Payment industry site Pymnts suggests that while the fall is in some ways unsurprising, Apple must also accept part of the responsibility …
The unsurprising element, explains InfoScout CEO Jared Schrieber, is that early adopters of the iPhone 6 were techier users.
“As more and more people buy iPhone 6’s, we are seeing a lower percentage of them adopting or trying Apple Pay. That shouldn’t necessarily be a surprise as we move from people who are early adopters and more likely to try things, to later adopters who are not,” Schrieber noted.
But Apple has also failed to educate mass-market consumers, either about the security benefits offered by Apple Pay, or how to use it.
“People don’t understand why it is they would go about using Apple Pay, they are fine with what they have. And they are not familiar with how they would use Apple Pay if they wanted to,” Schrieber noted.
Others at the conference said that habit was also hampering growth of Apple Pay.
“We’re competing with 50 years of muscle memory and if we’re just swapping a swipe for tap, you’re only going to get the nerds like me to jump on board,” said Paydiant’s Chris Gardner.

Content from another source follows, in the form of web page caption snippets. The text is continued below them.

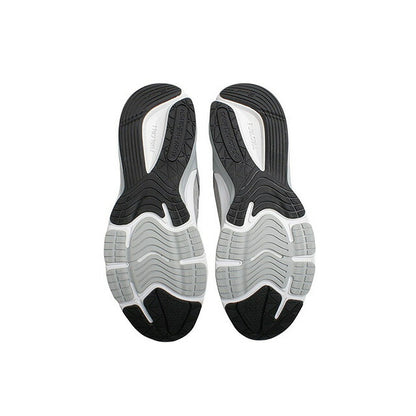 ニューバランス new balance Made in USA 990 v6 スニーカー M990GL6-105 28.5cm メンズ グレー 靴 WQ00054177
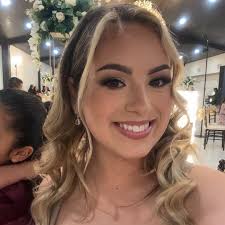 Mexican market bag arrangements available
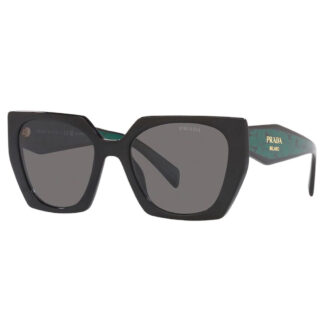 Prada fashion trend sunglasses
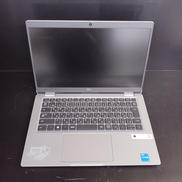 ノートパソコン|DELL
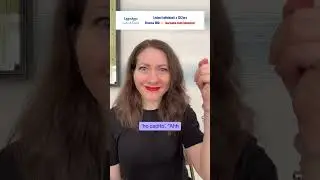 Ci sono vs Ci sto - Significano la stessa cosa? 🇮🇹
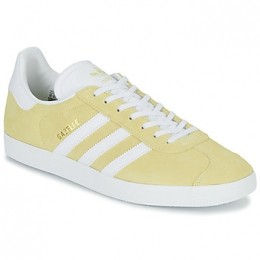 LageSneakersadidasGAZELLE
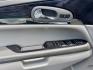 2016 WHITE Buick Enclave Premium AWD (5GAKVCKD2GJ) with an 3.6L V6 DOHC 24V engine, 6A transmission, located at 7600 S Western Ave., Chicago, IL, 60620, (773) 918-3980, 0.000000, 0.000000 - Photo#13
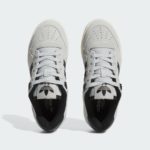 adidas Rivalry IG5164
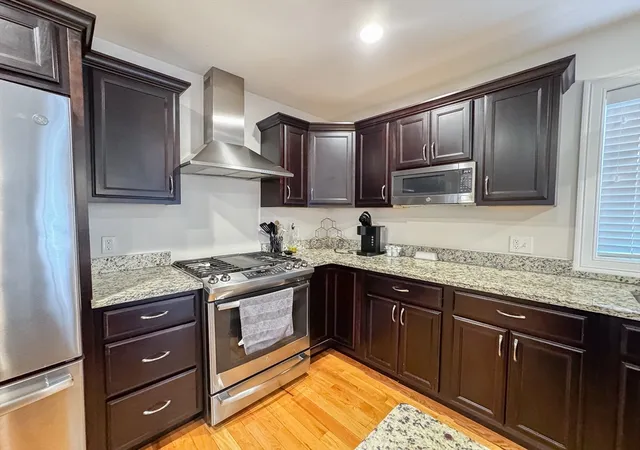 4th image of 23 Ralph Cir, Chicopee, MA 01020 | MLS# 73498795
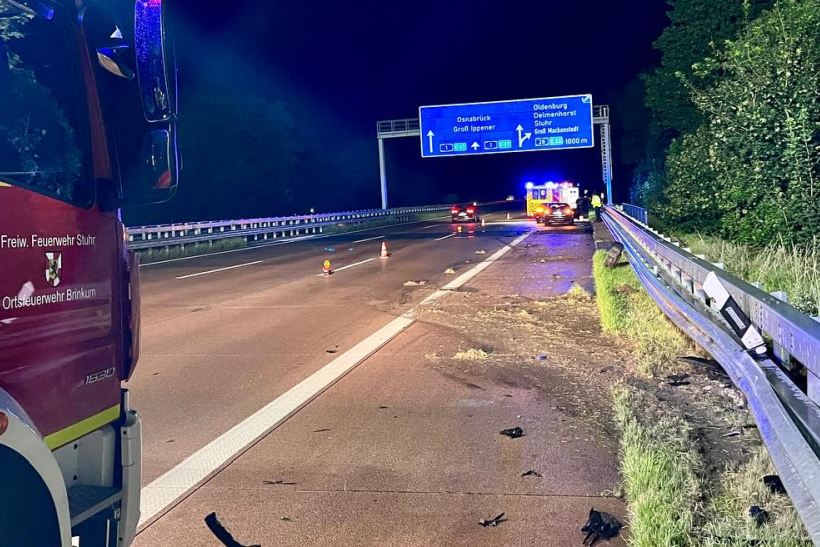 fura poros koleso 02 min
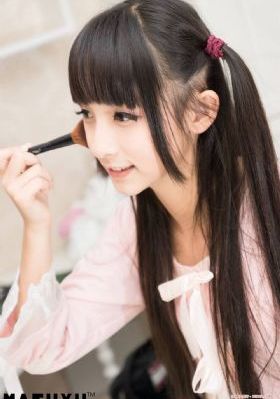 人狼游戏：越狱-电影完整版在线观看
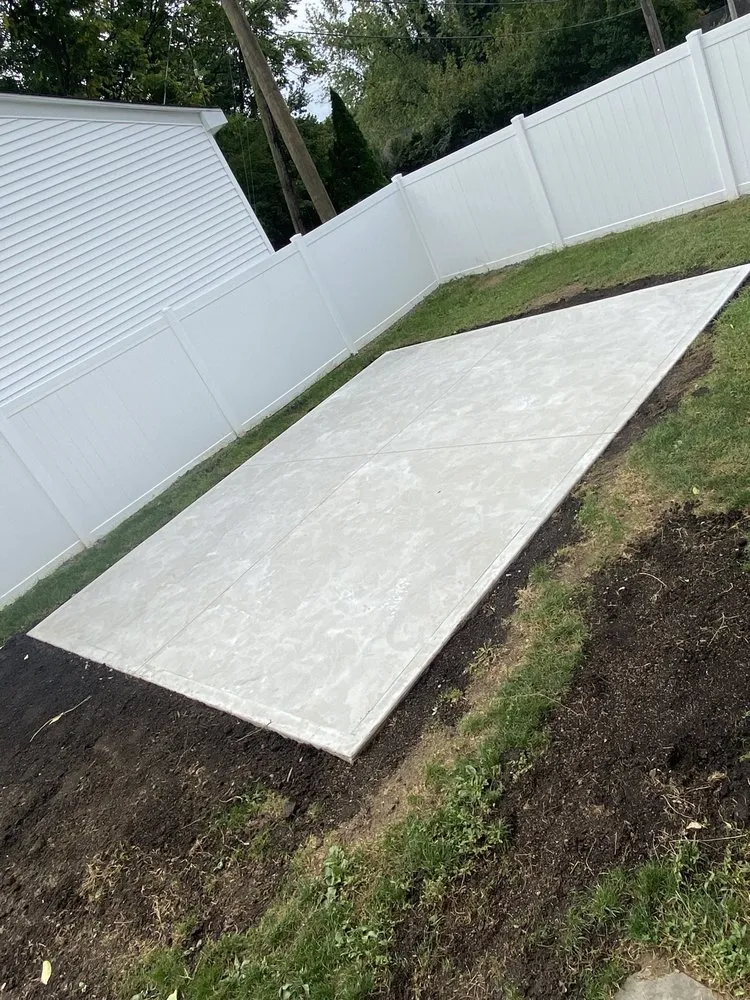 Reliable lawn care service near you across Springfield, PA - The Lawn Father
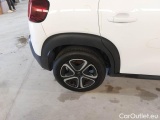  Citroen  C3 CITROEN  AIRCROSS / 2021 / 5P / SUV BLUEHDI 110 SeS FEEL #115
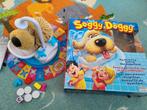 Soggy doggy gezelschapsspel., Ophalen of Verzenden, Zo goed als nieuw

LoopPay’s Will Graylin added that “merchant acceptance wasn’t there from the beginning, and it is very hard to build a sticky system if there is no place for consumers to get in the habit of using it.”
Apple is working hard to increase adoption of the service, recently adding 40 more banks and credit unions to bring the total number of financial institutions in the U.S. supporting Apple Pay to more than 400. The service also went live in the UK last month. Adoption by merchants of contactless terminals is also likely to increase as banks roll out next-generation payment cards which require updated terminals, with these expected to be in widespread use by October. Lastly, the survey’s conclusion is somewhat countered by another recent piece of research by Auriemma Consulting Group, which found that usage was on the rise as availability expands.